Your objective: A word-for-word copy of the records that follow is needed, with every picture omitted.

The data:

◇ ◇ ◇

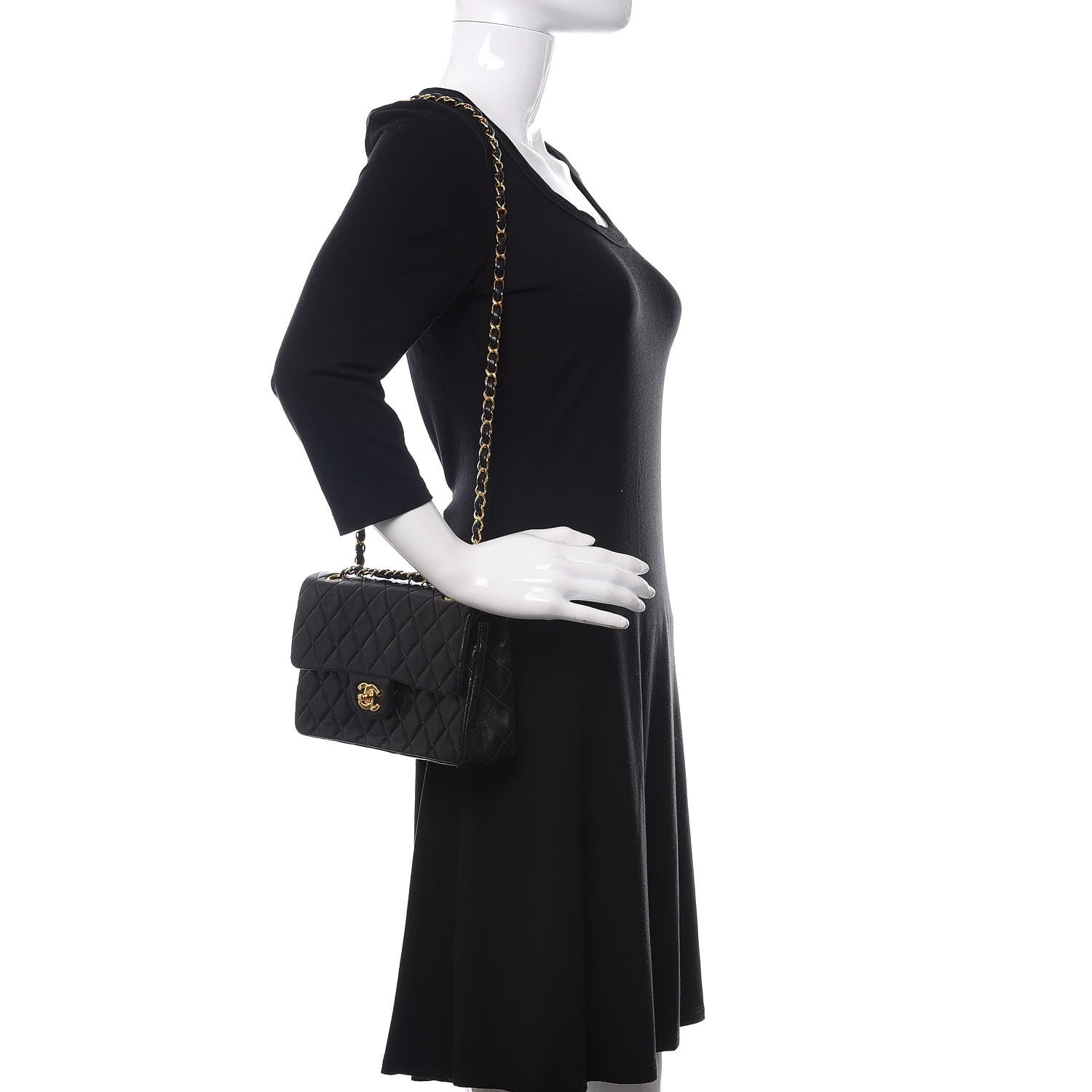 Chanel Lambskin Quilted Small Double Flap Black 2 of 11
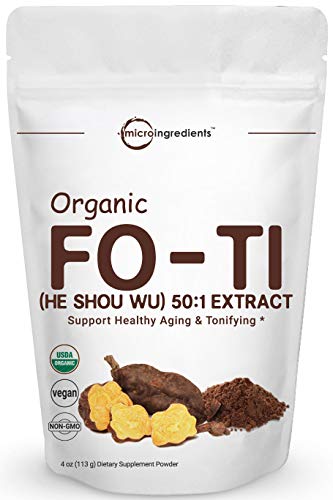 Product Cover Maximum Strength Organic Fo Ti 50:1 Extract Powder (He Shou Wu), 4 Ounce, Traditional Anti Aging Herb, Powerfully Promotes Hair Health and Antioxidant, No GMOs and Vegan Friendly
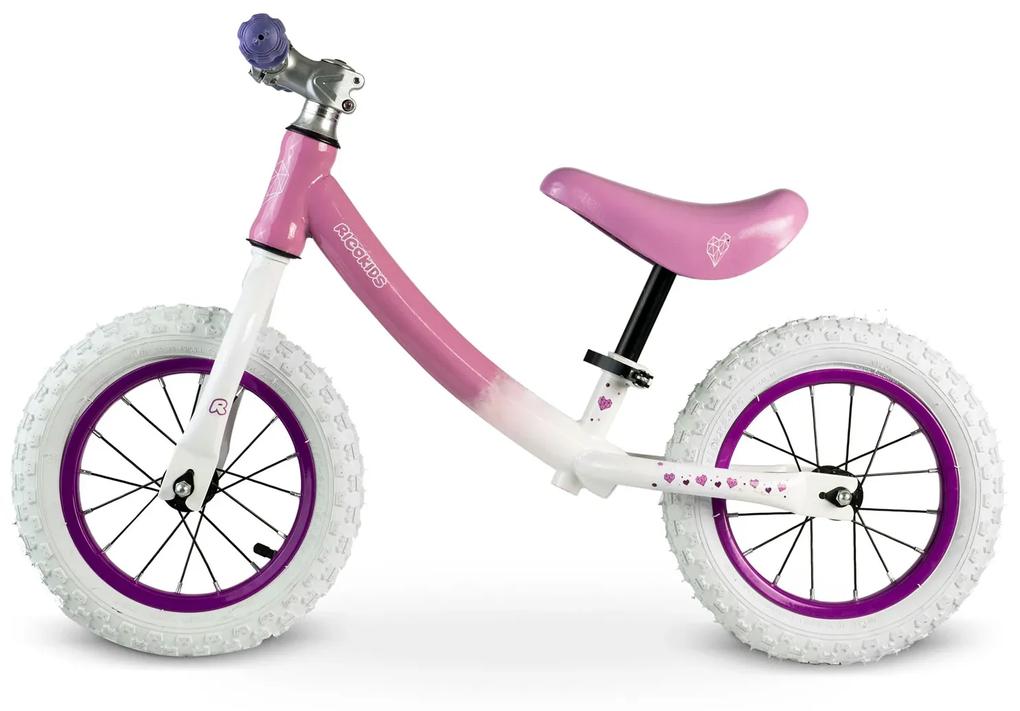 Detský balančný bicykel, Ricokids | bielo-ružový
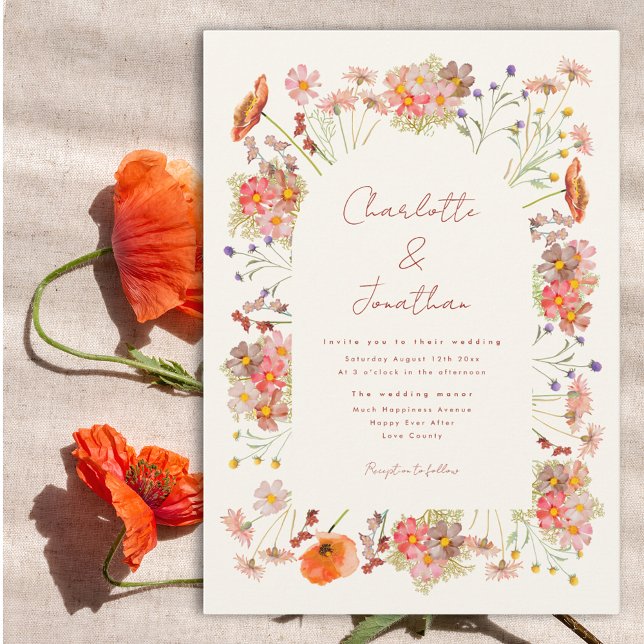 Convites Casamento de Outono Boho com Flores Silvestres (Boho whimsical wildflower wedding invitation with watercolor florals in earth tones)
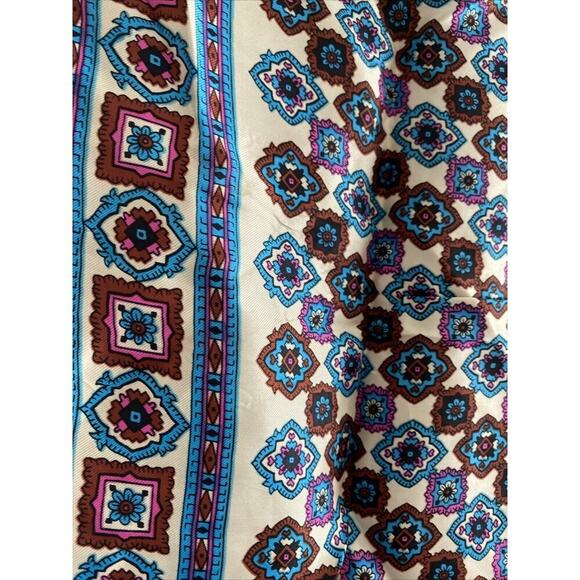 Vintage Glentex Blue Geometric Silk Blend Scarf Hand Rolled in Japan Old‎ Money - Picture 2 of 6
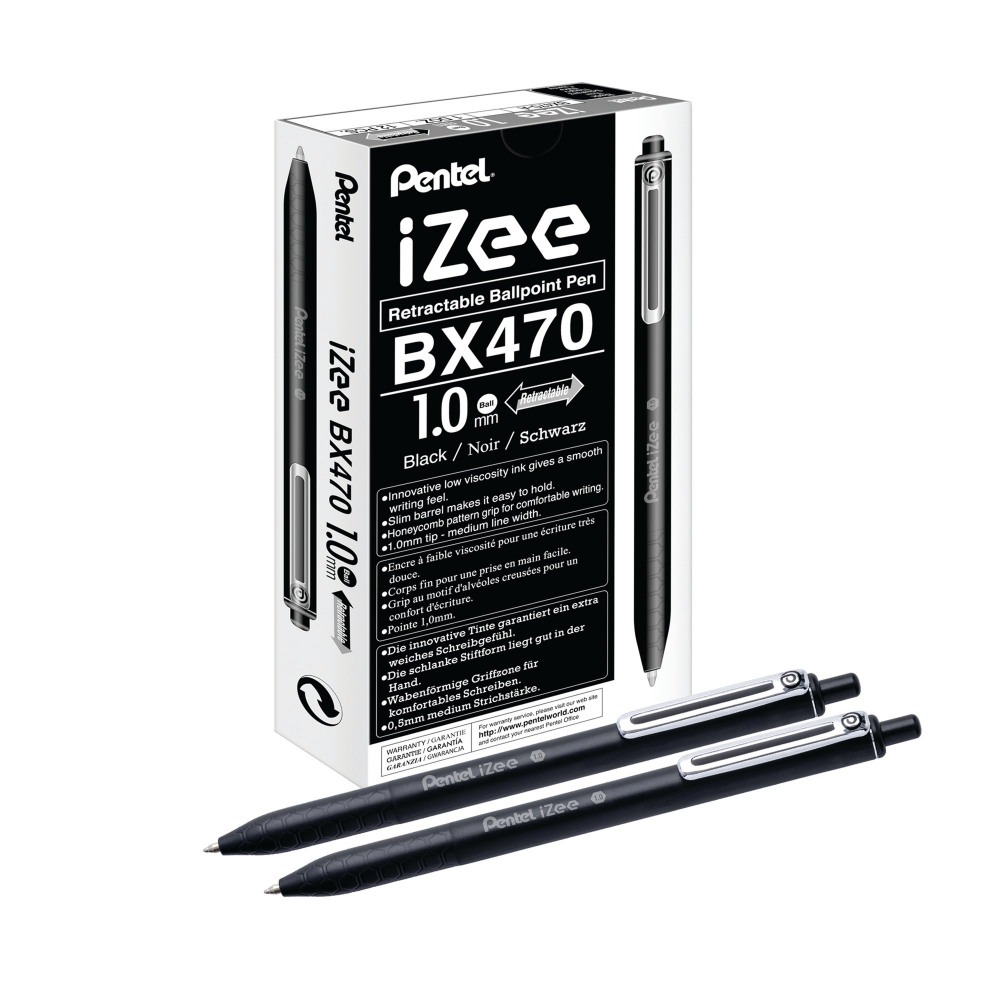 PENTEL IZEE R BLPT PEN 1.0 BLK PK12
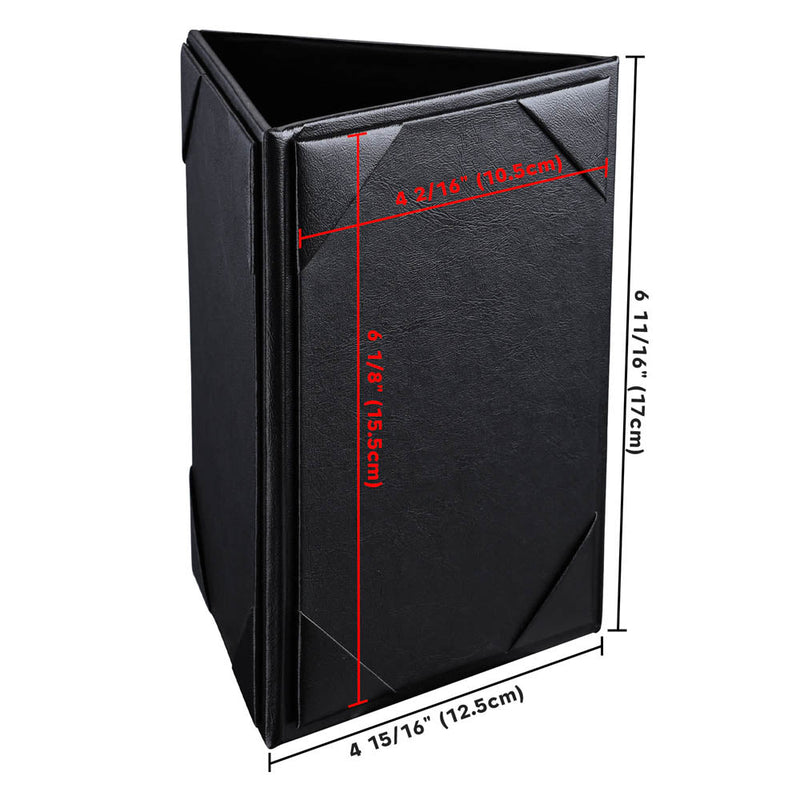 Yescom 3-Sided Table Tent Bar Cafe Cards Holder PU Leather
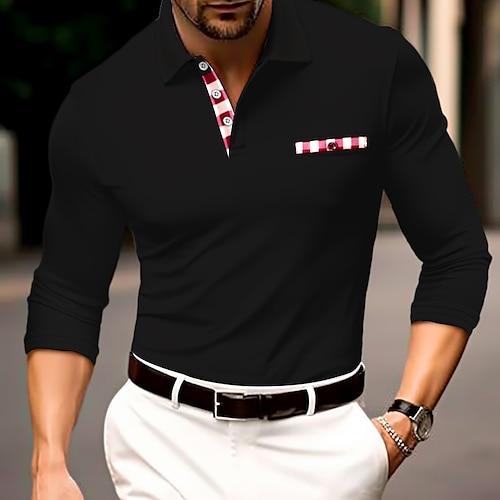 Herren Poloshirt Golfhemd Casual Sport Kargen Langarm Modisch Basic Farbblock Taste Vordertasche Frühling Herbst Regular Fit Schwarz Weiß Marineblau Grau Poloshirt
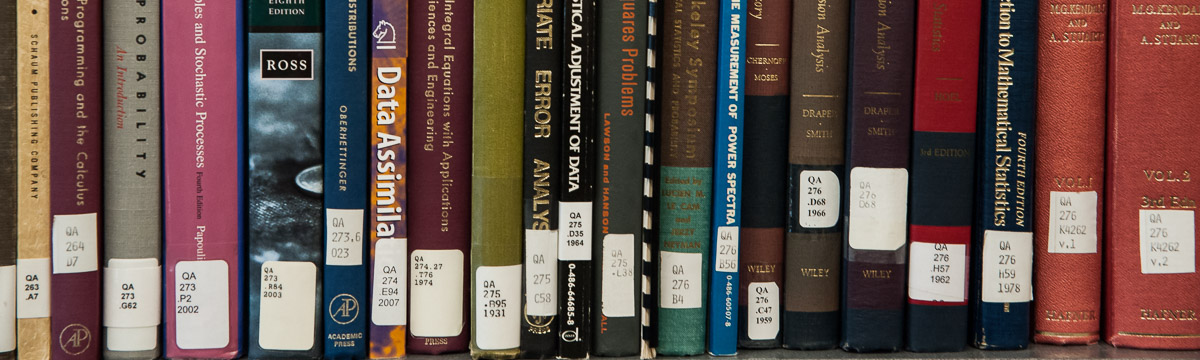 Books in the library at the National Weather Center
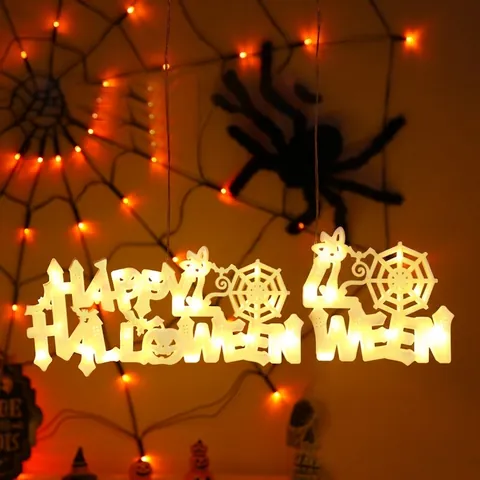 Happy Halloween LED Fenster Deko Lichter Saugnapf Batteriebetrieben Kunststoff Schild Lila Warmweiß Lampe Dekor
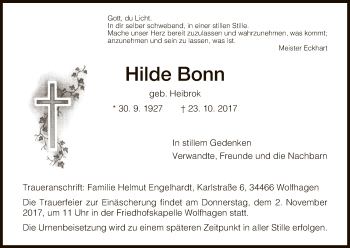 Todesanzeige von Hilde Bonn von HNA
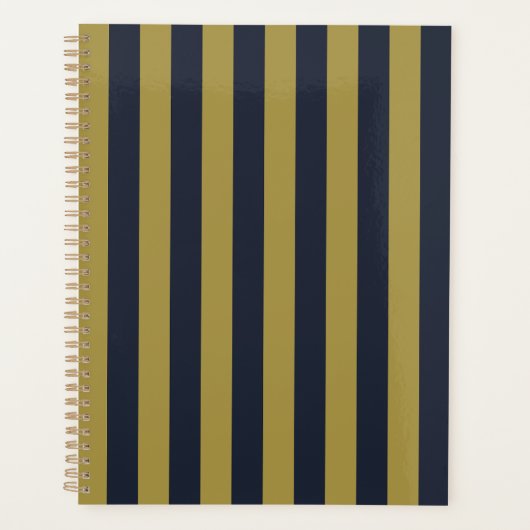 Elegante Goud & Marine Blauwe Verticale Strepen Planner (Voorkant)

◇ ◇ ◇

Output for this exercise:
 Chanel Lambskin Quilted Small Double Flap Black 2 of 11
 Product Cover Maximum Strength Organic Fo Ti 50:1 Extract Powder (He Shou Wu), 4 Ounce, Traditional Anti Aging Herb, Powerfully Promotes Hair Health and Antioxidant, No GMOs and Vegan Friendly
 Detský balančný bicykel, Ricokids | bielo-ružový
 Convites Casamento de Outono Boho com Flores Silvestres (Boho whimsical wildflower wedding invitation with watercolor florals in earth tones)
 Vintage Glentex Blue Geometric Silk Blend Scarf Hand Rolled in Japan Old‎ Money - Picture 2 of 6
 PENTEL IZEE R BLPT PEN 1.0 BLK PK12
 Yescom 3-Sided Table Tent Bar Cafe Cards Holder PU Leather
 Herren Poloshirt Golfhemd Casual Sport Kargen Langarm Modisch Basic Farbblock Taste Vordertasche Frühling Herbst Regular Fit Schwarz Weiß Marineblau Grau Poloshirt
 Books in the library at the National Weather Center
 Happy Halloween LED Fenster Deko Lichter Saugnapf Batteriebetrieben Kunststoff Schild Lila Warmweiß Lampe Dekor
 Todesanzeige von Hilde Bonn von HNA
 Elegante Goud & Marine Blauwe Verticale Strepen Planner (Voorkant)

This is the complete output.